ORNL Faculty Research Profile: Amir Elzawawy

Dr. Amir Elzawawy spent 10 weeks of his summer in the Department of Energy Visiting Faculty Program at Oak Ridge National Laboratory, using computational modeling to analyze the design of nuclear research reactor fuel plates in order to improve the understanding of fluid-structure interaction during normal operation.

“I applied for the Department of Energy (DOE) Visiting Faculty Program (VFP) to participate in research activities with DOE scientists and researchers,” said Elzawawy. “I knew the program would allow me to grow as a faculty member and teach my undergraduate engineering students current engineering challenges, in addition to providing them with the most up-to-date skills.”  

After browsing the DOE website and discovering the DOE VFP, which is administered by the Oak Ridge Institute for Science and Education (ORISE) for the U.S. Department of Energy, Elzawawy submitted a research project proposal and waited to hear back.

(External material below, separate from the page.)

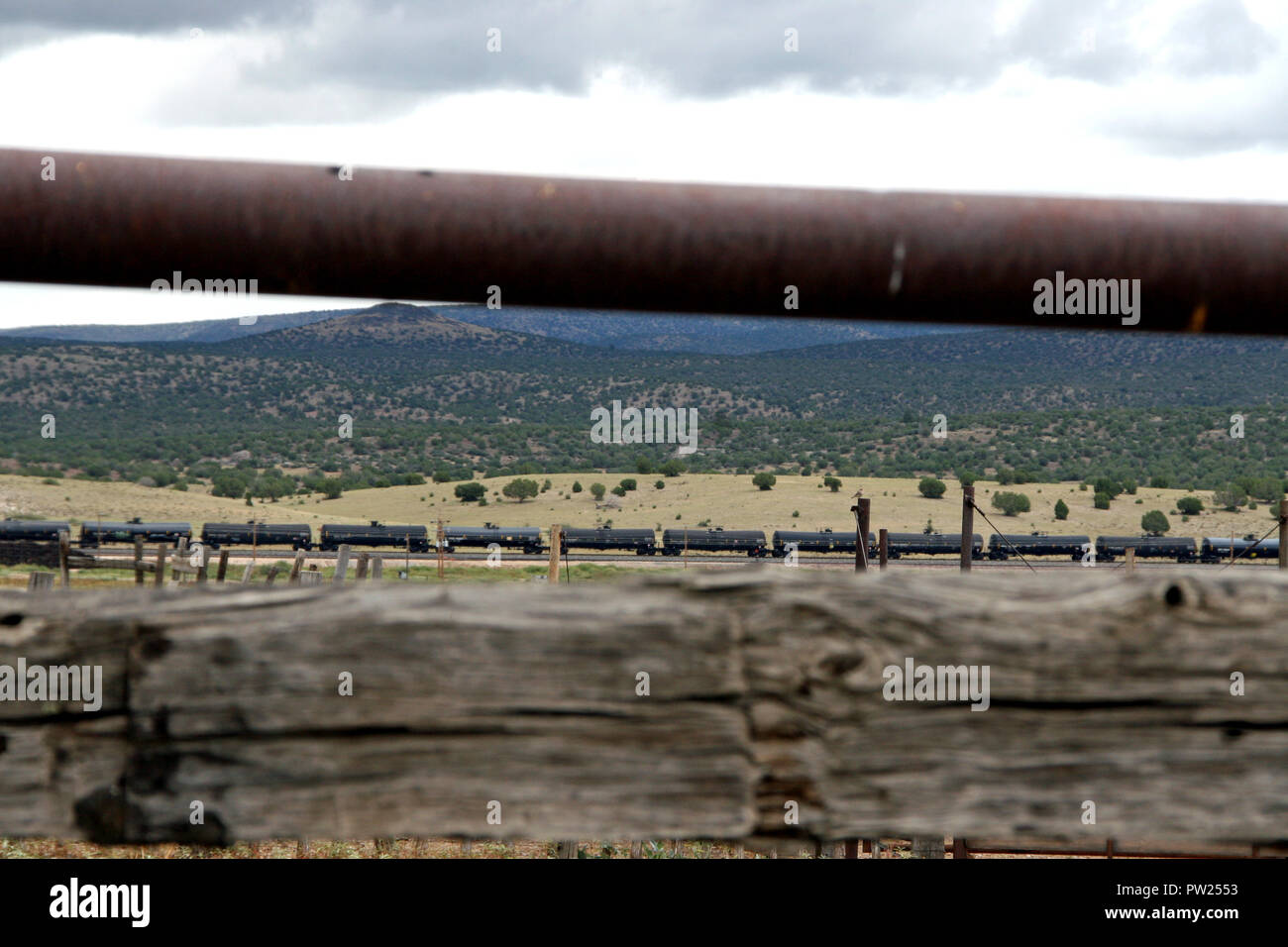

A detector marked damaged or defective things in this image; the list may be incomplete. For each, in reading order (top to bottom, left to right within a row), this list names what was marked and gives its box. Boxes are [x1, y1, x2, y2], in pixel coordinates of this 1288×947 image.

rusty metal pipe [0, 148, 1282, 332]
rust stain on pipe [0, 148, 1282, 337]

A few weeks later, he received the letter in the mail: his project proposal was accepted, and he would spend his summer in East Tennessee engulfed in the highly sensitive and complex discipline of nuclear engineering.

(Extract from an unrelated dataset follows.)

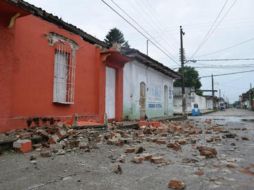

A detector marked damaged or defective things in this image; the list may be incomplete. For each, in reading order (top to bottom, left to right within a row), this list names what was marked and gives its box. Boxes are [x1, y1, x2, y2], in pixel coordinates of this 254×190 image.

damaged building facade [0, 0, 128, 131]
damaged building facade [122, 49, 180, 120]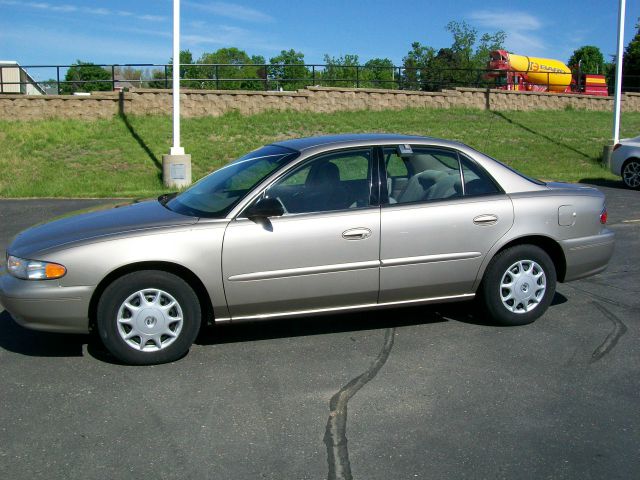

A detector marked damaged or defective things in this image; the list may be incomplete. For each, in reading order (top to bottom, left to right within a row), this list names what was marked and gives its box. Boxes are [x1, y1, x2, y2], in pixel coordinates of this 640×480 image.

The VFP is sponsored and managed by the DOE Office of Science’s Office of Workforce Development for Teachers and Scientists (WDTS) in collaboration with the DOE National Laboratories. The program seeks to increase the research competitiveness of faculty members and their students at institutions historically underrepresented in the research community in order to expand the workforce vital to DOE’s mission.

Elzawawy’s goal was to enhance the ability to simulate and understand the mechanical interaction between high-speed coolant flow and nuclear research reactor fuel plates, an internal component of the nuclear research reactor core. This understanding is necessary in order to facilitate the conversion of nuclear research reactors around the world from high-enriched uranium, which poses security and safety risks, to low-enriched uranium. To do this, he used a software platform called COMSOL Multiphysics to develop high-resolution simulations of the interplay between water and fuel plates.

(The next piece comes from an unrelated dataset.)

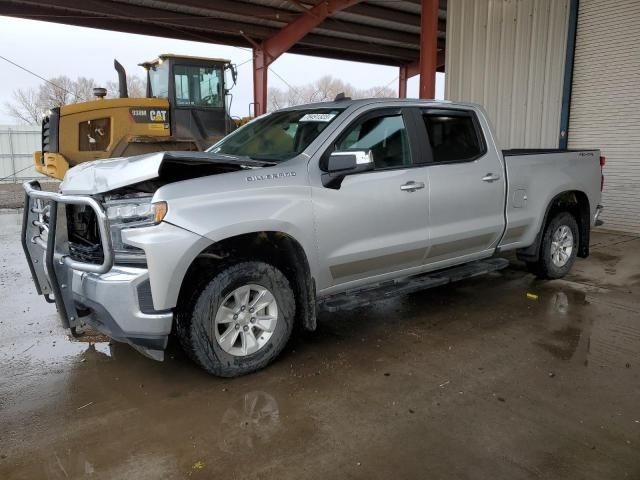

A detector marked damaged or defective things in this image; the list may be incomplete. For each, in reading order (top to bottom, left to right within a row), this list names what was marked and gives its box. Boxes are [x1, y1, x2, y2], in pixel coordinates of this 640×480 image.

broken headlight [105, 196, 166, 266]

“The simulation optimized the design for LEU conversion, which helped limit costly experimental testing,” said Elzawawy, who spent his days running simulations on several ORNL computers and communicating challenges and results with his mentor, Dr. James Freels of the Research Reactors Division.

Despite this heavy virtual component of his research, Elzawawy felt that the research was tangible in essence. 

“I had design drawings in front of me, and the reactor operating in a nearby building. So I faced realistic engineering constraints, which provided an in-depth learning experience,” said Elzawawy, who enjoyed cultivating his skills in modeling and simulation.

“The skills I learned and software I used can be utilized to conduct research to help build nuclear reactors and also can be used to study blood flow in arteries. It’s amazing to see how broad the applications are,” he said.

Upon his return to Vaughn College at the end of summer, Elzawawy implemented coursework in COMSOL Multiphysics to aid his students’ understanding of fluid mechanics, heat transfer, and aerodynamics.

All in all, he believes the program is a great developmental tool for young faculty interested in establishing a research career, and he recommends the program whole-heartedly.

“This summer was the most productive for me in terms how much I learned,” he said. “It is a ‘don’t miss’ opportunity for faculty career development.”